The dueling teams of lawyers have spent millions creating elaborate presentations, trying for the last three days to convince a jury of average folks in a federal district court in eastern Texas that their side was right.
If the jury had upheld the patents, there would have been a potentially brutal damages phase in which Google, YouTube, Yahoo, Amazon, Adobe, JC Penney, CDW Corp. and Staples would have been sued for infringement and been asked for more than $600 million in damages, with the majority of that coming from Google and Yahoo.
The Eolas patents were denounced for years before this week's landmark trial, but managed to survive repeated re-exams at the United States Patent and Trade Office.
However, Thursday's verdict is likely a setback Eolas can't overcome. It may well be appealed, but that will be a long process, and in the meantime Eolas won't be able to go after new targets.
After the trial, Judge Leonard Davis visited with the jurors a while, as is his custom. They were awed, I'm told—as they often are—why such an important web case ended up in Tyler.
Apparently they were a little star-struck by Tim Berners-Lee, although you certainly couldn't tell during trial.
At "Rick's on the Square" opposite the courthouse, defense lawyers were celebrating. There was a giddy atmosphere; these folks truly felt like they saved the Web today.

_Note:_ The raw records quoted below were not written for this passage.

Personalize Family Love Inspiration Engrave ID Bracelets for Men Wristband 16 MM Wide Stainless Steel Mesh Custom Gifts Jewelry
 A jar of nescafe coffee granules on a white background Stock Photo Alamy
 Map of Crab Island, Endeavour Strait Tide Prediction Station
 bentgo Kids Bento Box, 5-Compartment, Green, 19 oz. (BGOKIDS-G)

As for the winner's reactions: Yahoo spokeswoman Dana Lengkeek said: "Yahoo is pleased with the outcome of the case and the jury's decision, and we thank the jury for their time and commitment to this case. Yahoo respects intellectual property and will continue to protect its freedom to operate by defending itself against meritless claims."
Google spokesman Jim Prosser was less effusive. "We are pleased that the court found the patents invalid, as it affirms our assertion that the claims are without merit," Prosser said.
Despite winning, Amazon declined to comment.
Lead Eolas attorney Mike McKool did not return a call seeking comment.
As for the many companies that settled with Eolas, they might be regretting that pragmatic decision in light of the verdict.
Those companies include: Apple, Argosy Publishing, Blockbuster, Citigroup, eBay, Frito-Lay, JP Morgan Chase, New Frontier Media, Office Depot, Perot Systems, Playboy Enterprises International, Rent-A-Center, Sun Microsystems (bought by Oracle while this litigation was underway), and Texas Instruments.